Although my home town is considered of average size for the state of Maine (population 9,000), I must in all truth admit that it is only another seacoast village masquerading as a metropolis. Though its Main Street is raw and new with a full quota of chain stores, supermarkets, and 5-and-ioc emporia, it is still cobbled and it still smells of fish when an east wind is blowing. The parking meters recently installed on Main Street after a full year of controversy among the town fathers made national news when an individualistic citizen insisted on hitching his horse to one without paying the usual fee.

The town itself hugs the south shore of the harbor, with the principal industrial area and the ugly Main Street pre-empting the splendor of the harbor view for a good mile and a half. The slum areas, which are near the principal commercial dock and the lime-reducing kilns at the waterfront, face the colossal and expensive summer hotel on the north shore. The better residential sections fan out directly behind Main Street in a half-mile radius inland. Within a half-circle of two miles by one, the streets are more sparsely settled and gradually give way to farm houses or country homes situated near the many tiny “villages” (post office, general store, and the inevitable white clapboard school house for elementary grades) that are incorporated with our township. Within three miles of town there are forests, mountains, lakes, and streams, to say nothing of the various sumptuous private estates with stables, tennis courts, and golf courses.

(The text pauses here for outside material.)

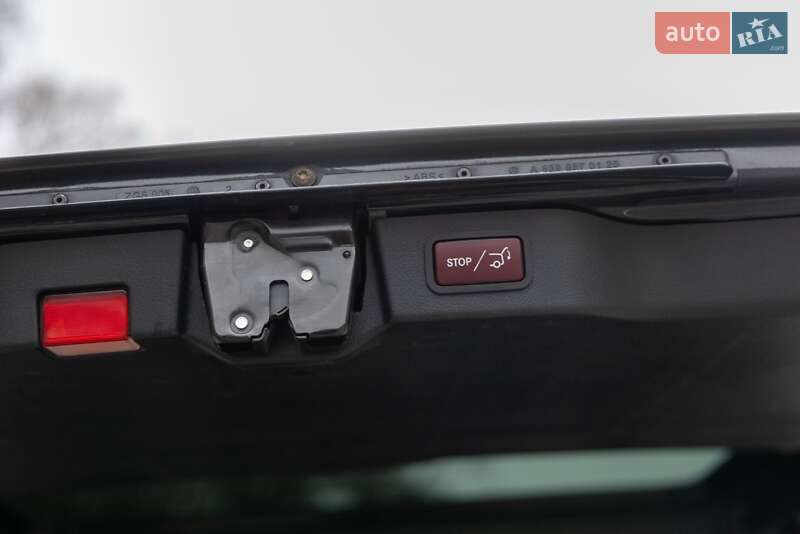 Минивэн Mercedes-Benz V-Class 2015 в Киеве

The sprawling, turreted Samoset Hotel—painted bright yellow and set among cool gardens at the Oceanside—dominates the north shore, but its wealthy patrons cannot buy exclusiveness, for the public breakwater and lighthouse are hard by its grounds and the young people from town who go swimming and fishing there cut across the hotel’s golf course. The more beautiful and unspoiled sections of the south shore are exclusively the domain of the natives or descendants of the natives who own the modest summer cottages there.